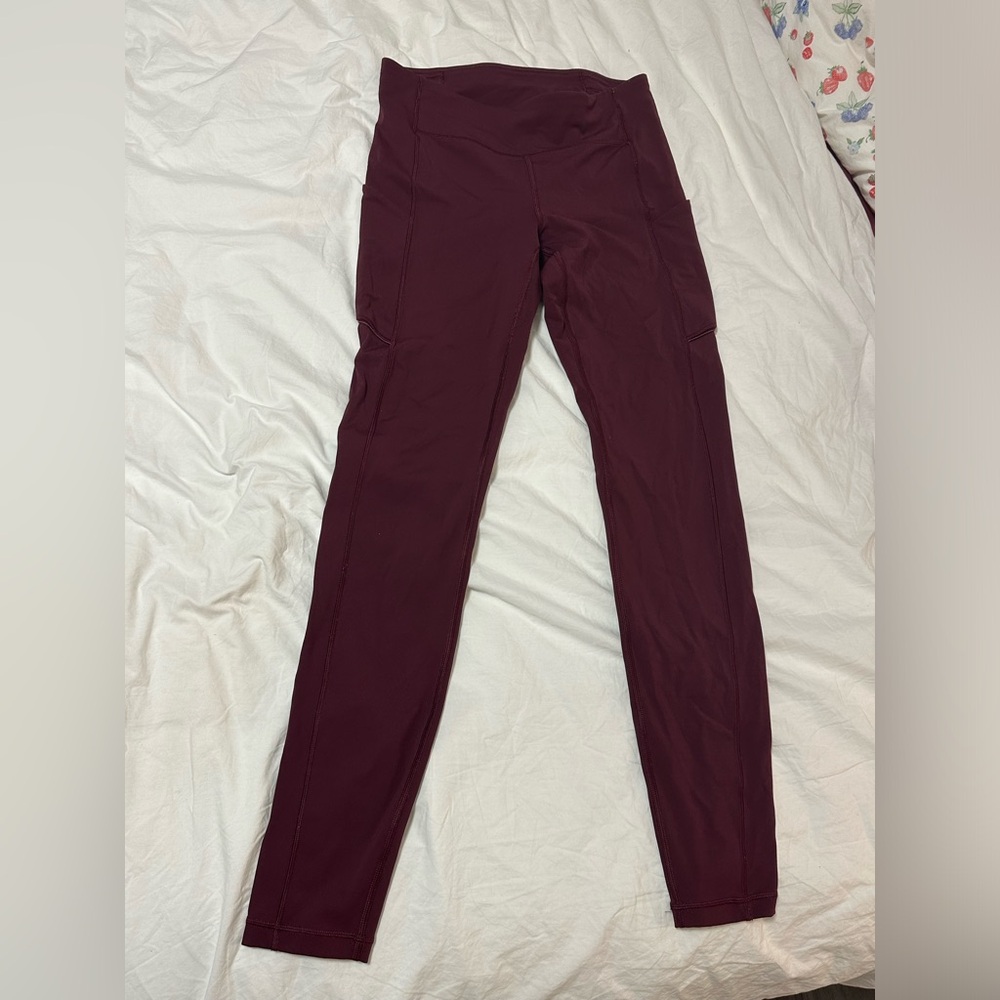 Lululemon Wine Mid Rise Leggings with pockets
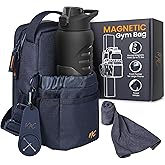 M2C® PREMIUM Magnetic Gym Bag – Holds Up to 12 lbs – Gym Pouch with Water Bottle, Cup & Wallet Pocket, Phone Storage, Key Clip, Adjustable Sling Strap – Ideal for Sports, Work & Travel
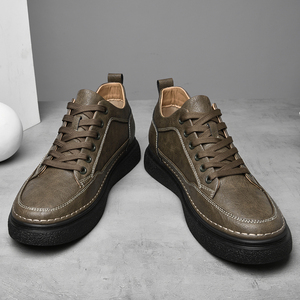 Baskets montantes rétro pour hommes, style automne, semelle épaisse de 8 cm pour une hauteur accrue, chaussures décontractées mi-montantes, doublure en maille, nouveau style tendance - Product Image 2
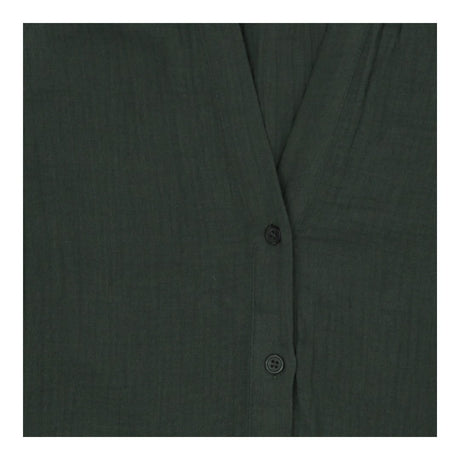 Khaki green muslin shirt midi dress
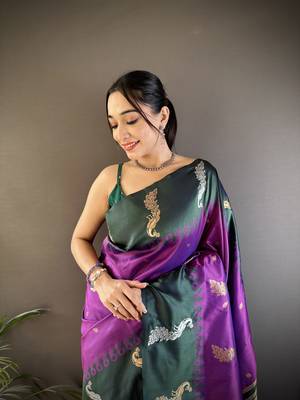 purple soft silk blend butti zari weaving banarasi saree 3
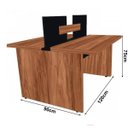 Ver imagem 4 de Mesa Componível Inicial - sem Gavetas - 1,20x1,20m - Workstart - Nogal Sevilha/Preto - 21480
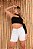 Bermuda branca feminina jeans meia-coxa básica - Imagem 1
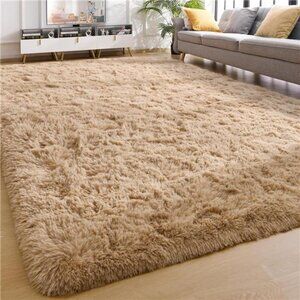 Soft Area Rugs for Living Room Bedroom Plush Fluffy Rug 6x9 Feet, Beige Shag Rug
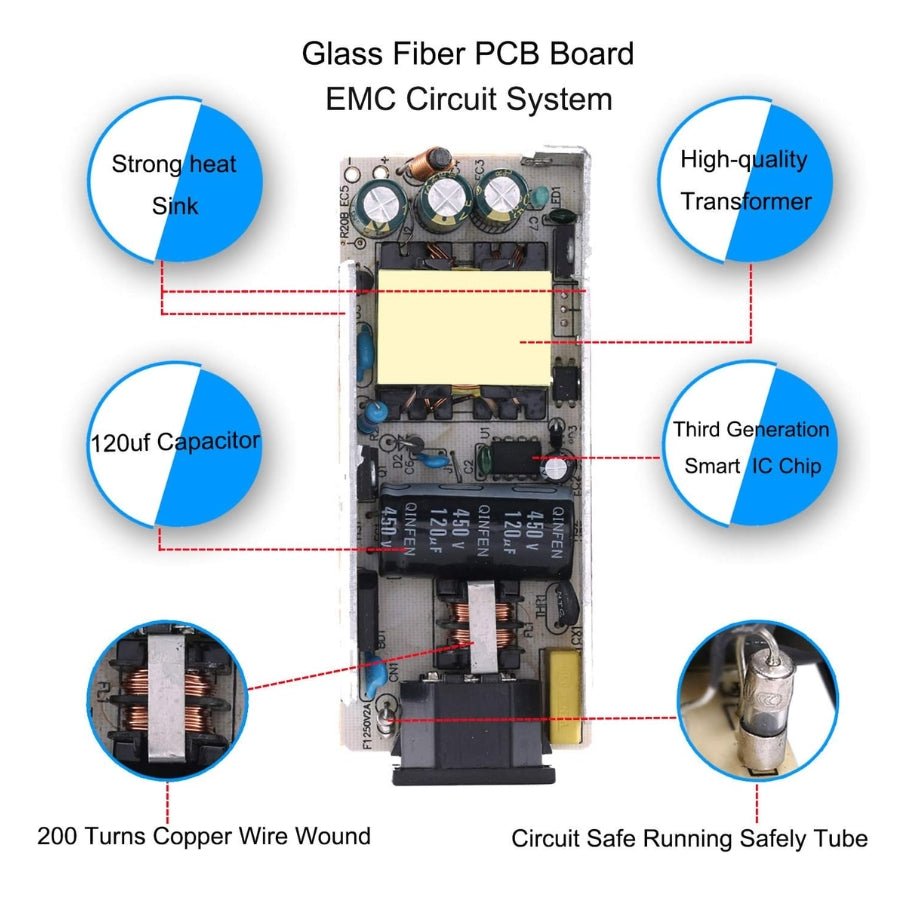 12V DC Power Adapter Supply 6A - AC 100-240V 50/60Hz to DC 12V 6A 72W Converter Transformer Charger, 5.5mm x 2.5mm Plug for LED Strips, CCTV, Router, LCD Monitor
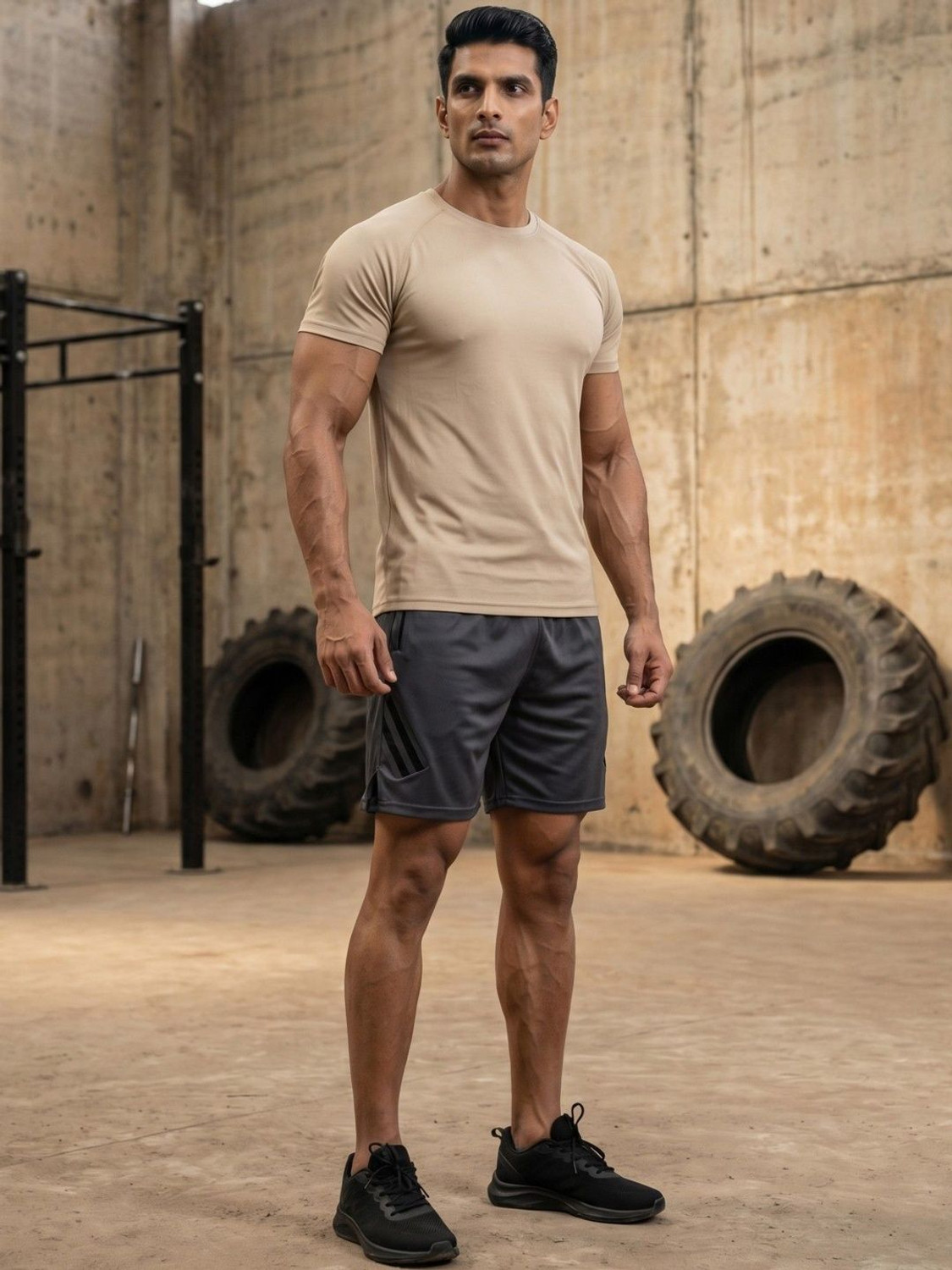 Image of HRX by Hrithik Roshan Solid Men Grey Sports Shorts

## Task to carry out
Please repeat exactly the lines from the one containing "Baskets montantes rétro" through the last line of the records, both included, and leave out the pictures.

## Answer for the task
 Baskets montantes rétro pour hommes, style automne, semelle épaisse de 8 cm pour une hauteur accrue, chaussures décontractées mi-montantes, doublure en maille, nouveau style tendance - Product Image 2
 Khaki green muslin shirt midi dress
 purple soft silk blend butti zari weaving banarasi saree 3
 Ver imagem 4 de Mesa Componível Inicial - sem Gavetas - 1,20x1,20m - Workstart - Nogal Sevilha/Preto - 21480
 Bermuda branca feminina jeans meia-coxa básica - Imagem 1
 Soft Area Rugs for Living Room Bedroom Plush Fluffy Rug 6x9 Feet, Beige Shag Rug
 12V DC Power Adapter Supply 6A - AC 100-240V 50/60Hz to DC 12V 6A 72W Converter Transformer Charger, 5.5mm x 2.5mm Plug for LED Strips, CCTV, Router, LCD Monitor
 Image of HRX by Hrithik Roshan Solid Men Grey Sports Shorts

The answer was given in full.